Again, what's this double-colon you're using?


Its an advanced colon, as used by ... well, no jokes occur to me. It
is very like a single colon, though more signalled.


A colon isn't grammatical at that point in that sentence, either!
Does it, in fact, mean `and'?


David, my real comments on the two proposition are at the bottom, but in
between we encounter the dangers of transference.

The term " :: " indicates among philosophic types that it is not a colon
used as in writing, but used in writing in the same way as a colon is used
in mathematics, that is, one suggests a ratio, or proportional relationship,
rather than alternative listings of items with or without stated
relationship, as normally used in writing.

Chess is not even conveniently describable /as a process/ as a
Finite or Infinite Game.

Chess is trivially describable as an infinite game by omitting the
three drawing rules (dead position, three-fold repetition, 50-move
rule). It is then easy to prove that it suffices to consider only
finite games because of the drawing rules.


But finite is itself an arguable determination.


No it isn't! A collection of objects is finite if, and only if, you


a metaphysic! is the you any you, or a hypothetical you? an 'if-you' which
may not actually exist! or could not exist. [pain in the ass, no? these
logical formations in writing, but their advantage of symbol displacements
is that impossible 'you's' can be discerned. In math the positied term could
go unchallenged, and it doesn't concern anyone if it is a hypothetical value
of 'you'. But in writing of actual 'you' values it must relate to what is
possible, not metaphysically supposed.

Otherwise the sort of person referenced as 'you' may or may not exist, and
such statements do not even imply they /could/ exist. But this renders the
formulation undifferentiated from either the impossible or the imaginary.

can (in principle)


is 'if you can (in principle)' a conditional statement where the 'if' means
'when' rather than 'if you could', and the '(in principle)' is a known
principle than than a supposition?

otherwise in formal logic you posit an hypothesis which, true, /would/ be
finite, but is not known if it actually exists. this is why finite is
arguable - to wit: to whom?

example: red and blue are colours. The 'and' does not tell us if they are
the same colour, as in the case if we had written 'light blue and azure are
colours'

if c is the category, 'a colour', then the statements:-
a=c
b=c
does not mean a=b except in relationship to c, which is to say, they are
equal only in set-theory, and the term "=" does not mean 'same' as in
identical, but 'equivalent quality' related to their set, which is not the
only set they can belong to...

count them (1, 2, 3, 4...) and stop at some number,
having counted all the objects. So, the number of pieces on a
chessboard is finite, as is the number of grains of sand in the Sahara
Desert.


but time is not finite. and if time taken exceeds time permitted, eg, the
entirety of an individual's life, or beyond the extent of the life of the
entire universe for all people, then the term finite runs into trouble -
since know other time is available or knowable to cite as a possibility

Is it used synonymnously for 'theoretical',


No.

even though there are more moves than atoms in the universe


Even though there are more chess games than atoms in the universe.
This means that the finiteness of chess is of largely theoretical
interest, since knowing that it's finite doesn't help much in
practice. But `finite' does not mean `theoretical'.
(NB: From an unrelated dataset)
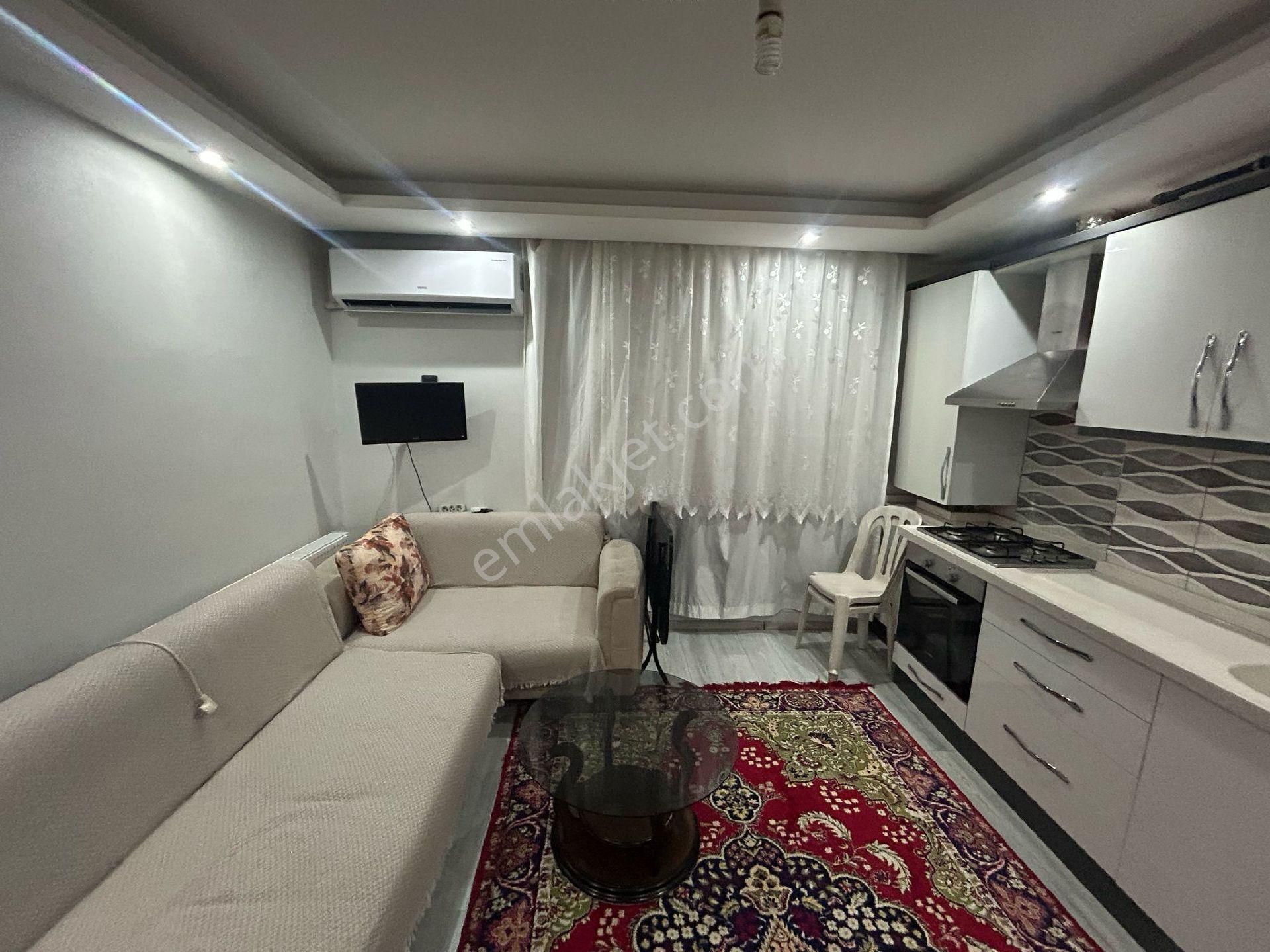 Sahibinden Balıkesir 10 Burda Avm Karşısı Kiralık 1+1 Daire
Except of course in the terms I pose above - especially if 'you' were to
attemtp to solve anything, then it can be that 'you' lack sufficient finite
time to solve it. This is also true of collective efforts, where finite runs
into time available for all people

So if you were to answer that chess would be finite if there were infinite
time to solve it, do we not encounter a paradox common in Large Number
Theory? There are conditions where only from infinity we can define finite.
But if we acknowledge we have no infinity available to us, is what would be
finite, actually so?

Do the parallel lines oscillate, [what does not?] is their amplitude such
that they cross over?

but there is no /fixed/ prescription for when pawn promotions become
a consideration to actual play - and 'continuing the play' is what
happens in balanced or even dynamically unbalanced positions -

You've misunderstood the phrase `continuing the play' and are trying
to apply it outside its context. That context is a particular class
of infinite games. Infinite games are often defined as follows.
The two players


Or two or more, but yes...


For the purposes of the theory of games of perfect information, any
finite number of players is equivalent to two. Perfect information
means that all the players have full information about the position
(i.e., know where all of everyone's pieces are and any other relevant
facts).


Okay

Why does it suffice to consider two-player games? Suppose we have n2
players. We can analyze the game from the point of view of player 1
by assuming that some super-human plays the moves for players 2, ...,
n himself. If player 1 can beat the super-human, he can also beat any
collection of ordinary people acting individually. Likewise for each
of the other players.


Okay, given our suppositional super-human, but still if all other players do
not act 'individually, but gang up...

(This doesn't apply for games of imperfect information because, in
such a game, player 2 and player 3 cannot effectively co-operate
because they don't know where each other's pieces are or there is some
other key fact they don't know. But the super-human knows where all
the pieces are for players 2, ..., n, so he should be more powerful.)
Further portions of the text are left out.